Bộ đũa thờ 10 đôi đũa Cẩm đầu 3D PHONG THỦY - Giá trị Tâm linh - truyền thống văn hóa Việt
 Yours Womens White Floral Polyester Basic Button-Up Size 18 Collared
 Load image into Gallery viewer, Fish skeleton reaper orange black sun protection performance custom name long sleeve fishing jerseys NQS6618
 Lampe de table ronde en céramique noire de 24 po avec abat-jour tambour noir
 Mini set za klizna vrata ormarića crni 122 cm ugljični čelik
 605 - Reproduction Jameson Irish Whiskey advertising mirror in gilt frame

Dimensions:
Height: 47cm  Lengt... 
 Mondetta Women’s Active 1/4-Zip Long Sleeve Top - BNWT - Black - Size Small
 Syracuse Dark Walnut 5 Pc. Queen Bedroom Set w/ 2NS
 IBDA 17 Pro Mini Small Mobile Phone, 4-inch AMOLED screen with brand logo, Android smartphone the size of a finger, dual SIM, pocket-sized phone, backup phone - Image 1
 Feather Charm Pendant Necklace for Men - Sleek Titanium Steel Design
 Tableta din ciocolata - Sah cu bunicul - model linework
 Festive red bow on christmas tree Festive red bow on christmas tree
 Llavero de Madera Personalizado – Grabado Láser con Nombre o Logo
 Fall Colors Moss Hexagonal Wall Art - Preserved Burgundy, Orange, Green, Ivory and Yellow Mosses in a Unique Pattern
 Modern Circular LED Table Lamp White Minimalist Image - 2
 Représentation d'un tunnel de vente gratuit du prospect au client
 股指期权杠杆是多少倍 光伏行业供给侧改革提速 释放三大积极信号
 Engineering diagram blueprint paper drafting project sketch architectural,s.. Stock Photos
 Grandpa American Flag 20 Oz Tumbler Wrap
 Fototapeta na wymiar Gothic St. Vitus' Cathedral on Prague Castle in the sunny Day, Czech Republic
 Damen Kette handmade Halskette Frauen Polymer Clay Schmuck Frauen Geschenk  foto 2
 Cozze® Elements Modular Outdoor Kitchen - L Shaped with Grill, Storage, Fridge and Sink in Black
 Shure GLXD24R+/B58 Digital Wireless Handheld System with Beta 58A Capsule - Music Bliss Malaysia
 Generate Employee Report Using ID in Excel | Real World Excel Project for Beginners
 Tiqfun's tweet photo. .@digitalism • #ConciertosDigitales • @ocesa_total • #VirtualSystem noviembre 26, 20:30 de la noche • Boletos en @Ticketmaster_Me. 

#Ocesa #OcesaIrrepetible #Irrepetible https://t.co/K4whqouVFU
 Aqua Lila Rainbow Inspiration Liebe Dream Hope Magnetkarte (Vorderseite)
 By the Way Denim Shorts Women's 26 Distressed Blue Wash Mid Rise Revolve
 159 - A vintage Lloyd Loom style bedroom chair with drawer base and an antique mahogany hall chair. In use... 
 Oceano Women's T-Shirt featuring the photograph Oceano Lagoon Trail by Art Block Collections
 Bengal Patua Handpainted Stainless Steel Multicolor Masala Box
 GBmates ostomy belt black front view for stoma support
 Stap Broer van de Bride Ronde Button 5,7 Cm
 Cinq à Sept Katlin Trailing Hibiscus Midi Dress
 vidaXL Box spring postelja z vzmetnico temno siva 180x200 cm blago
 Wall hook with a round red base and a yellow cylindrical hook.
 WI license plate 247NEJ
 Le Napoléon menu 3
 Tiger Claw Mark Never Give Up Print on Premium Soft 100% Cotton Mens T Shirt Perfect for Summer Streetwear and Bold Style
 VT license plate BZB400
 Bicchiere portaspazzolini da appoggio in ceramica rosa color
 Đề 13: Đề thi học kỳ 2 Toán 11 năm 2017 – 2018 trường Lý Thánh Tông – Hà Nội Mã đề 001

→ **EXERCISE PROMPT**
Look above for the line that contains "Modern Circular LED". Starting there, transcribe every line exactly until you have copied the line that contains "Oceano Women's T-Shirt".

→ **SOLUTION**
 Modern Circular LED Table Lamp White Minimalist Image - 2
 Représentation d'un tunnel de vente gratuit du prospect au client
 股指期权杠杆是多少倍 光伏行业供给侧改革提速 释放三大积极信号
 Engineering diagram blueprint paper drafting project sketch architectural,s.. Stock Photos
 Grandpa American Flag 20 Oz Tumbler Wrap
 Fototapeta na wymiar Gothic St. Vitus' Cathedral on Prague Castle in the sunny Day, Czech Republic
 Damen Kette handmade Halskette Frauen Polymer Clay Schmuck Frauen Geschenk  foto 2
 Cozze® Elements Modular Outdoor Kitchen - L Shaped with Grill, Storage, Fridge and Sink in Black
 Shure GLXD24R+/B58 Digital Wireless Handheld System with Beta 58A Capsule - Music Bliss Malaysia
 Generate Employee Report Using ID in Excel | Real World Excel Project for Beginners
 Tiqfun's tweet photo. .@digitalism • #ConciertosDigitales • @ocesa_total • #VirtualSystem noviembre 26, 20:30 de la noche • Boletos en @Ticketmaster_Me. 

#Ocesa #OcesaIrrepetible #Irrepetible https://t.co/K4whqouVFU
 Aqua Lila Rainbow Inspiration Liebe Dream Hope Magnetkarte (Vorderseite)
 By the Way Denim Shorts Women's 26 Distressed Blue Wash Mid Rise Revolve
 159 - A vintage Lloyd Loom style bedroom chair with drawer base and an antique mahogany hall chair. In use... 
 Oceano Women's T-Shirt featuring the photograph Oceano Lagoon Trail by Art Block Collections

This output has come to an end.